The EUR/USD is currently testing the significant support of 1.11.
Looking at the EUR/USD 4 hourly chart above, we see the totality of the bearish pressure this week.
As mentioned in the weekly forecast, bearish momentum will likely test the lower bollinger band in the weekly chart and it is appearing to be possible that it will attempt to breach 1.11 too.
Should a bullish recovery returns, the immediate resistance will be 1.1145 followed by the lower bollinger band.
Euro Economic Data Continues To Disappoint
The Spanish Unemployment Rate is reported to be 14% instead of 13.7%. This is worse than expected and there is apprehension that the economic situation may be crucial. Employment is a fundamental component of the economy as it leads to consumer spending and hence retail sales. A high unemployment rate may be an indicator of a troubled economy.

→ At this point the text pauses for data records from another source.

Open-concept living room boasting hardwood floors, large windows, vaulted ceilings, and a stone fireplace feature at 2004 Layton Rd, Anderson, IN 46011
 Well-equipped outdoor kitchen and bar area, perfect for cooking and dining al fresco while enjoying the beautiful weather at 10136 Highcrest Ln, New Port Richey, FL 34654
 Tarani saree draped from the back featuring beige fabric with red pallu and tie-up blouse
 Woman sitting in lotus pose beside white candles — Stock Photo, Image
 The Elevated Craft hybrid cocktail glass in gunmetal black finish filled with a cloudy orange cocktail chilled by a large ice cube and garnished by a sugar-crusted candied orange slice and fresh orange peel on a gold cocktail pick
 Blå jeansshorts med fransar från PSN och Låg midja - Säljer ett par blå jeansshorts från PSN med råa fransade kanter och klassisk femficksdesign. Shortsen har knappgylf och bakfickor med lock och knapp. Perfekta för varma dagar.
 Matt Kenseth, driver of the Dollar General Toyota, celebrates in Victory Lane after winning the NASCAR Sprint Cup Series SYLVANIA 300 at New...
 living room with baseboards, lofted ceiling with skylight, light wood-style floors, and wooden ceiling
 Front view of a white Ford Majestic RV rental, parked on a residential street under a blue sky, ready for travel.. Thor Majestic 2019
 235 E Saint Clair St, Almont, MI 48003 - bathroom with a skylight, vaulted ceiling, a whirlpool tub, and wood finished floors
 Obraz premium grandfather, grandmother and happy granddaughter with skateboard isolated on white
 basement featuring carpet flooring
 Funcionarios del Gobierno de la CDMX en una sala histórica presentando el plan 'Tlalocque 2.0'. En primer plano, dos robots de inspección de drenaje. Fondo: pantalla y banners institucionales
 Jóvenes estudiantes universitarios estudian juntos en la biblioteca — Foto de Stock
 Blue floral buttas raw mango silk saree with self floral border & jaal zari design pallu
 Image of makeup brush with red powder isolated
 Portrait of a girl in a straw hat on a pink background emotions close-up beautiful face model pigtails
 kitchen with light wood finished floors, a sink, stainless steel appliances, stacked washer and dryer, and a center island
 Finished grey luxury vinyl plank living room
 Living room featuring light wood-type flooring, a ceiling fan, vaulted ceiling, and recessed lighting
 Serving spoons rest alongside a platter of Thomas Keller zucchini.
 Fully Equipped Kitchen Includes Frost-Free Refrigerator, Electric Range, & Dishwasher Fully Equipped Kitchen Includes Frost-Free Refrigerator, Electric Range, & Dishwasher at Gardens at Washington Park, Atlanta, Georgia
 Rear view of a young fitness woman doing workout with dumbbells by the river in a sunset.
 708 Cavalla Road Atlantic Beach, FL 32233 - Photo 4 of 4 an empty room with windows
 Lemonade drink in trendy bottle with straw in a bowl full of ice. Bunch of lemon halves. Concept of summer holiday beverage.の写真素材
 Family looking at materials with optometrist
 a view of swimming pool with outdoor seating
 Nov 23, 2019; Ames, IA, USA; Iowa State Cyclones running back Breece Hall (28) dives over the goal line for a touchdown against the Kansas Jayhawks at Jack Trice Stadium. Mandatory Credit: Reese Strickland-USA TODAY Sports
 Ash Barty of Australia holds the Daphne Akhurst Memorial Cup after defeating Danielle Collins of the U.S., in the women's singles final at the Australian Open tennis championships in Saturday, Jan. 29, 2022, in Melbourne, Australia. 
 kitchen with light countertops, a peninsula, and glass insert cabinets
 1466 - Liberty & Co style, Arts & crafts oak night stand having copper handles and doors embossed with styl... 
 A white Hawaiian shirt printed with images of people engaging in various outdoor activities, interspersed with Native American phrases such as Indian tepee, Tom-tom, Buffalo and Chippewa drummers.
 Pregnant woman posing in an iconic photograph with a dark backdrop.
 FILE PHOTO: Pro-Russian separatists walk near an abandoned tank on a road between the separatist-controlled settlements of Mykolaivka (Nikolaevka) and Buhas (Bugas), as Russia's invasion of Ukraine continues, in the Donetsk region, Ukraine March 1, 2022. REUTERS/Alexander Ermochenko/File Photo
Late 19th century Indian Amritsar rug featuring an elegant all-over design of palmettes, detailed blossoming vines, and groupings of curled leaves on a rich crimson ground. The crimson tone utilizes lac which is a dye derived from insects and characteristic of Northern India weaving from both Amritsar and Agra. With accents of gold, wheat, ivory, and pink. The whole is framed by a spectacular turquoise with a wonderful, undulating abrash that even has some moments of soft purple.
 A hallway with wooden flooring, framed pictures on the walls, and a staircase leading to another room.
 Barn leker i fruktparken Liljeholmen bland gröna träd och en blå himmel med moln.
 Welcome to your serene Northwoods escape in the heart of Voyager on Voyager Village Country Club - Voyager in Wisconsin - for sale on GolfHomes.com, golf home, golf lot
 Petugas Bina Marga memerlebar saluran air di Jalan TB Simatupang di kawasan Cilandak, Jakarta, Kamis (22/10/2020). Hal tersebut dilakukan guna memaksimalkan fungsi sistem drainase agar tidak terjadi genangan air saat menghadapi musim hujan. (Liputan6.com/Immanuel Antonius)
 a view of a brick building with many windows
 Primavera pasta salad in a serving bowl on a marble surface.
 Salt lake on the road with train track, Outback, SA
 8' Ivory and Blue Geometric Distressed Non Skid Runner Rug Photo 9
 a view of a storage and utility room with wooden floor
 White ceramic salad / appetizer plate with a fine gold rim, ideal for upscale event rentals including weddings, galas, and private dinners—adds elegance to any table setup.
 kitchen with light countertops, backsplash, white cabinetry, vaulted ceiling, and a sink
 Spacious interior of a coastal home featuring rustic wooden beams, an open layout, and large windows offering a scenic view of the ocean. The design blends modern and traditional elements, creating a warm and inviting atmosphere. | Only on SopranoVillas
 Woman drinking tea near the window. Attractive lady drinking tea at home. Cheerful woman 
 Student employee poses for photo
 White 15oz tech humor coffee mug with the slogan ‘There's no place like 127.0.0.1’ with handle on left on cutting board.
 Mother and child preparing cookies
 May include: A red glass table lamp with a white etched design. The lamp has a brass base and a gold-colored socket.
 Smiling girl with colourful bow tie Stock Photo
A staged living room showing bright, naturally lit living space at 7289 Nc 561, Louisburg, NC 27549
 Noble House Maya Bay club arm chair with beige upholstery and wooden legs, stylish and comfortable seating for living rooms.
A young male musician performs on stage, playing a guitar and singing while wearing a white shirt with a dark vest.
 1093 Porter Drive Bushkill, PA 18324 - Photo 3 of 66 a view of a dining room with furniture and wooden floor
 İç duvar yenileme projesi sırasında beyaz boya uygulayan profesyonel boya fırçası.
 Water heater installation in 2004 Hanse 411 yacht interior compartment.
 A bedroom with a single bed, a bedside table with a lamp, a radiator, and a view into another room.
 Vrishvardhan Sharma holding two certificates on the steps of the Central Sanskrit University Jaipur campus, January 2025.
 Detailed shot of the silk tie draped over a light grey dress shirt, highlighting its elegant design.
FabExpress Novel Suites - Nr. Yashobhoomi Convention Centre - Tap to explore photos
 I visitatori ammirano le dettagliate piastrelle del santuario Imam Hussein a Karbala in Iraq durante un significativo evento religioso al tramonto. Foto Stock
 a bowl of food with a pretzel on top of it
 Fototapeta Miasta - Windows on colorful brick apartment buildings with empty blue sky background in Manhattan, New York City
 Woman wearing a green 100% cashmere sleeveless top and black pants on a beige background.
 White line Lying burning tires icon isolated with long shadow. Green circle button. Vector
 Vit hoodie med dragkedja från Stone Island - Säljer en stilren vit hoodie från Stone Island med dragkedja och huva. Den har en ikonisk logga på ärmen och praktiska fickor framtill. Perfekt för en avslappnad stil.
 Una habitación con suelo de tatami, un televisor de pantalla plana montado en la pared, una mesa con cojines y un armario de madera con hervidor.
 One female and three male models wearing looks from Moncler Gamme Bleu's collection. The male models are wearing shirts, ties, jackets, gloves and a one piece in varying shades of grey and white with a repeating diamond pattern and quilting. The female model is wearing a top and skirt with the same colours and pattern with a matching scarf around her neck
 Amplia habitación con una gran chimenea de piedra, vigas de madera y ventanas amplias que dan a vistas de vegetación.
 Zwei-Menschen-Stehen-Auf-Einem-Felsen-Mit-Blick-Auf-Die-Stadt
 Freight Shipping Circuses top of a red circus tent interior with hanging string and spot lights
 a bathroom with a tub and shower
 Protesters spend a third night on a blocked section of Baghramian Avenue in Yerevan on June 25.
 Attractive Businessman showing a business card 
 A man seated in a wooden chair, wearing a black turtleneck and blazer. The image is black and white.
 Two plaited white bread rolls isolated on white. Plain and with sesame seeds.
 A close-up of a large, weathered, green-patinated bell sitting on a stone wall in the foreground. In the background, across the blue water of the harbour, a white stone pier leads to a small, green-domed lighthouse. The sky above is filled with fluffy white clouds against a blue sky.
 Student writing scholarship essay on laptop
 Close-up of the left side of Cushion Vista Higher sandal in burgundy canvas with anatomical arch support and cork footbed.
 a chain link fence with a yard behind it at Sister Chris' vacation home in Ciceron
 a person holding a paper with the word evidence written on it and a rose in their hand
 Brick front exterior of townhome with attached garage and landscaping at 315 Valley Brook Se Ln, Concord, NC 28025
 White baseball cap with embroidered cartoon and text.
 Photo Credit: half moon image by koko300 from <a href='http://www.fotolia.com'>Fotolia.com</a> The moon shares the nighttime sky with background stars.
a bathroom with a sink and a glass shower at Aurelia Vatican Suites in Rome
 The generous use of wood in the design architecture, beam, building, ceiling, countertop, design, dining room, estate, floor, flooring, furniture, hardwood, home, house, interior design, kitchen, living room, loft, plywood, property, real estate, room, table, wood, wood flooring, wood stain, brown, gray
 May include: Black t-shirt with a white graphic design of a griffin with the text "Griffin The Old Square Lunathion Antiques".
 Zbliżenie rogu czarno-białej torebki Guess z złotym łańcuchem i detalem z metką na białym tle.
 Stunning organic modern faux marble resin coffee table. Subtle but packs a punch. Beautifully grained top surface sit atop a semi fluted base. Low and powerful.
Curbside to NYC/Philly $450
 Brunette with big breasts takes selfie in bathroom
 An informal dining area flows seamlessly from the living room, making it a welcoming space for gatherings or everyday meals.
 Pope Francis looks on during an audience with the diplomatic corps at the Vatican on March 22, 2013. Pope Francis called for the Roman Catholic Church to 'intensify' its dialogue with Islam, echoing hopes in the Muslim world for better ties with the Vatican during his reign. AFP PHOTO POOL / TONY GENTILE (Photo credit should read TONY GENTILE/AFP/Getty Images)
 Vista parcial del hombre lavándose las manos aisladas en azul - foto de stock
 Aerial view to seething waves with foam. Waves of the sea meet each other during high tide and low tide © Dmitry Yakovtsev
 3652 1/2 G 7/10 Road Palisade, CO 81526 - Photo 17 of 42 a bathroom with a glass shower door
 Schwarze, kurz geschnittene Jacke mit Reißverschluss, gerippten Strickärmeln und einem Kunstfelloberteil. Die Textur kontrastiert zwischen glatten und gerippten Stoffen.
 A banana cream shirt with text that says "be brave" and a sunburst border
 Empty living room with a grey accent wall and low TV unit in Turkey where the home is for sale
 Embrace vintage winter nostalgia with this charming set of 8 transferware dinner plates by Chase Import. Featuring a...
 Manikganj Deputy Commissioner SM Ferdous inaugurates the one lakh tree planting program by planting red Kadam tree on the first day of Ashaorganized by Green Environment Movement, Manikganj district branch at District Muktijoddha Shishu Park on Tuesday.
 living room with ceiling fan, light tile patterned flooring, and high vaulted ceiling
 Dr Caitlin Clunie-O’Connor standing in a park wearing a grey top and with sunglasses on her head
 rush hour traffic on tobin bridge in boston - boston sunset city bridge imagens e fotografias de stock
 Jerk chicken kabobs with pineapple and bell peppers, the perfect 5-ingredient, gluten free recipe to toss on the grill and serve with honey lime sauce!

The German Ifo Business Climate was also reported to be worse than expected. It was reported to be 95.7 instead of 97.1. This is a low last visited a few years ago. Business Climate surveys are influential as the sentiment of businesses is a leading indicator of economic health. A healthy sentiment suggests that an economy is moving along well while a cautious sentiment may see less business activities due to prudence. As Germany is a significant component of the euro zone economy. it is possible that negative sentiment towards the euro currency has increased.
While the European Central Bank maintained a hold on the rates, official comments are reported to be giving a sense of possible upcoming cuts and quantitative easing. The anticipated increase in liquidity of the euro currency may weaken it’s value and dampen sentiment.
All Eyes Across The Atlantic
Towards the end of the week, we will see the US release their Advance GDP figure. It is expected to report a 1.8%. A number of analysts are doubtful considering the ongoing trade wars and challenges big corporations are facing such as Boeing and its 737 planes. A positive result will likely add positive sentiment to the market while a negative result may flood the market with more pessimism.